RECORDS PROVIDED.
::::::

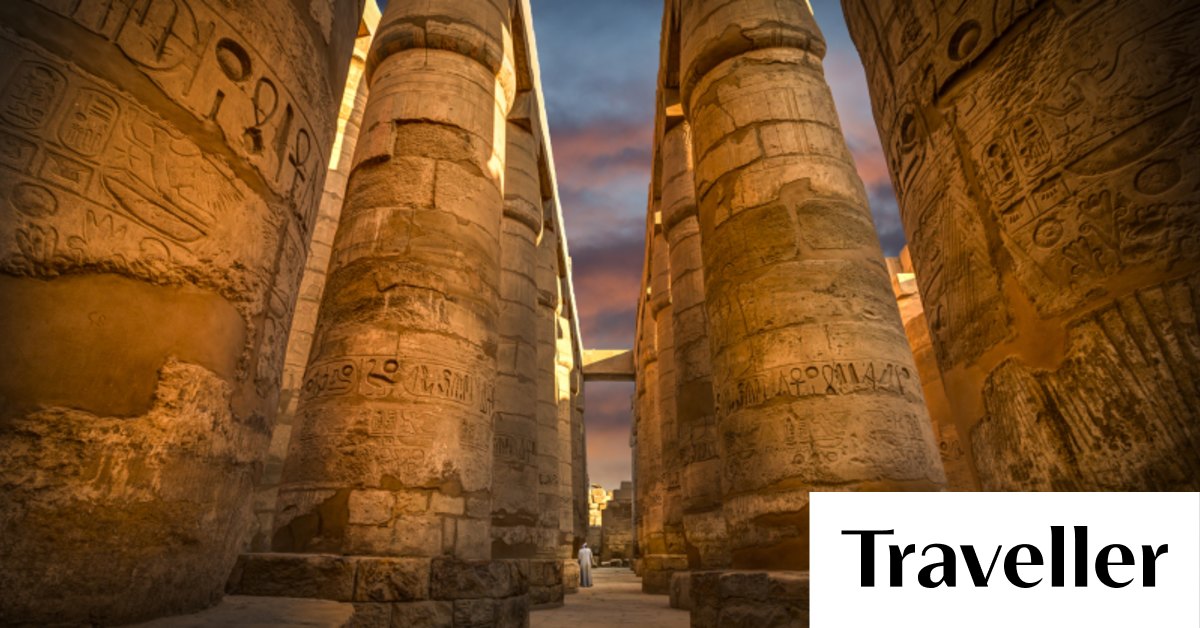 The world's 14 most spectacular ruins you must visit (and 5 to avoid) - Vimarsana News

::::::

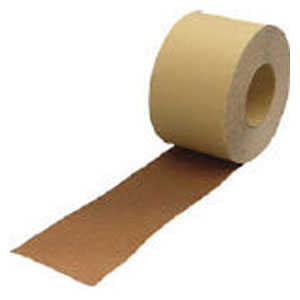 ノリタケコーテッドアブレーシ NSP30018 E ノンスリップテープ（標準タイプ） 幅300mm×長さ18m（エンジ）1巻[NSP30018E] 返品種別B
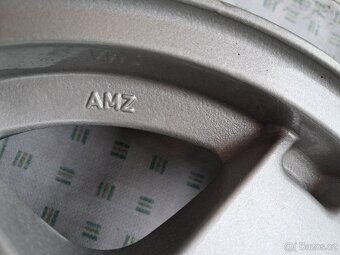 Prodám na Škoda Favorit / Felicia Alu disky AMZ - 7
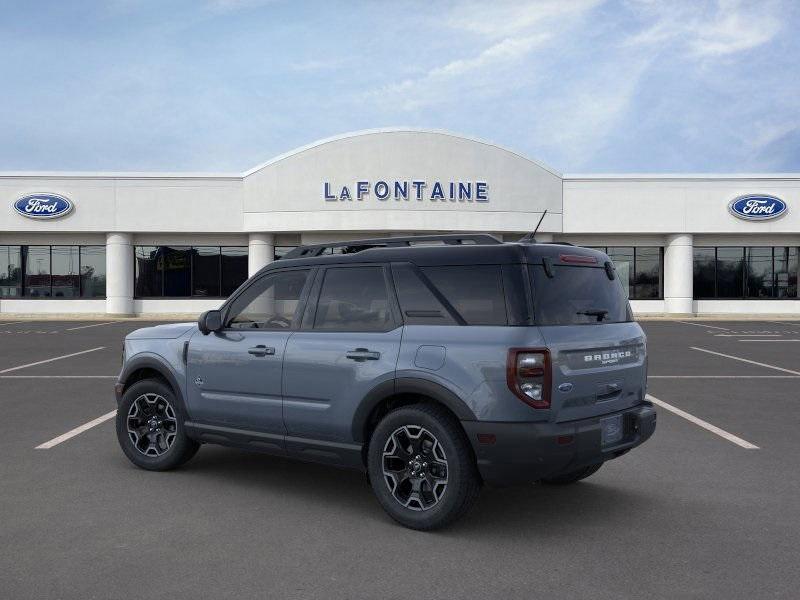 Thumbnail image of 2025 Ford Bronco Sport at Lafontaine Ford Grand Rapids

::::::

EXERCISE. Print exactly, with no pictures, the lines above from the one that holds "ノリタケコーテッドアブレーシ NSP30018 E" through the one that holds "Thumbnail image of", both of them included.

SOLUTION.
 ノリタケコーテッドアブレーシ NSP30018 E ノンスリップテープ（標準タイプ） 幅300mm×長さ18m（エンジ）1巻[NSP30018E] 返品種別B
 Prodám na Škoda Favorit / Felicia Alu disky AMZ - 7
 Thumbnail image of 2025 Ford Bronco Sport at Lafontaine Ford Grand Rapids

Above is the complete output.